Leaning is what corners are about. In order to corner well a single track motorcycle has to lean. While there is still debate over counter-steering vs. body-steering, the simple fact is the quicker and smoother we can get the bike leaned over the faster we get on with the business of turning the thing. I’m a counter-steering advocate. Handlebar inputs are one of the best ways to make a motorcycle lean, or stand up after a turn. By simply pressing on the bar in the direction we want to go, we initiate lean. The bike “falls” inward towards the turn. When we reach the right lean, we ease up on the pressure, the bike’s steering geometry balances and we are in a turn. To stand the bike back up after the turn smoothly and quickly, we press on the outside grip, the bike “falls” up.
We ease up on the pressure when the bike is vertical and ride on. So, no matter your own leaning technique (I will always favor counter-steering, no matter how complex the physics discussion are about how it works, the simple fact is that it simply works), the more deliberate and smooth it is, the better your cornering.

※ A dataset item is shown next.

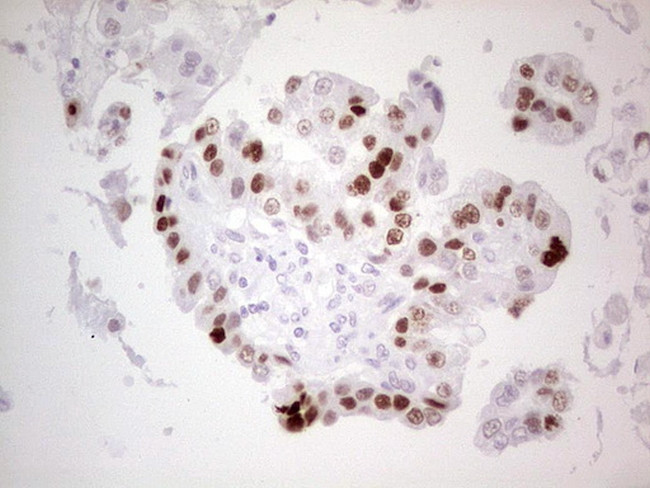 p53 Antibody in Immunohistochemistry (Paraffin) (IHC (P))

Roll on the throttle and you will have a better corner. Just a slight roll on the throttle throughout the turn causes the bike
to stabilize on it’s suspension and transfers weight to the rear wheel. The bike ends up in a steady state of constant acceleration throughout the turn. This makes for a better turn. Remember I said that the first part of this ties to the last? If your entry speed was too high, you won’t be able to roll on the throttle.

So, what can go wrong? If you don’t Slow your entry speed will be too high. If you don’t Look through the turn, you won’t see where you are going. You will end up making slight, twitchy, unsure, unstable mid-course corrections for every little blurry ripple you see three feet in front of your bike. If you don’t Lean, you can’t really turn. If you don’t Lean over far enough, you can run wide. If you don’t Roll, the bike isn’t as stable and it won’t hold the line you want.

It’s simple. It’s taught to new riders but, it applies to every single corner we ride It doesn’t matter if you are a MSF newbie rider just out of class with their completion card or one of the Bostrom boys. The corners don’t change, just the skill level of
the riders.

I took a ride shortly after taking my MSF basic rider course in preparation for becoming an instructor. The MSF isn’t the be all, end all of motorcycle teaching, it’s just the beginning. In this part though, they really have it right. As I rode over the following weeks, I concentrated on the Perfect Ride. That ride concentrated on cornering and, this 26 year rider had developed some bad habits. Every corner I came to, it was Slow, Look, Lean and Roll.

Slow, Look, Lean and Roll.

Slow Look, Lean and Roll.

A simple mantra, taught to students just learning to ride a motorcycle, meditating my way through the twisties, and making me a better rider.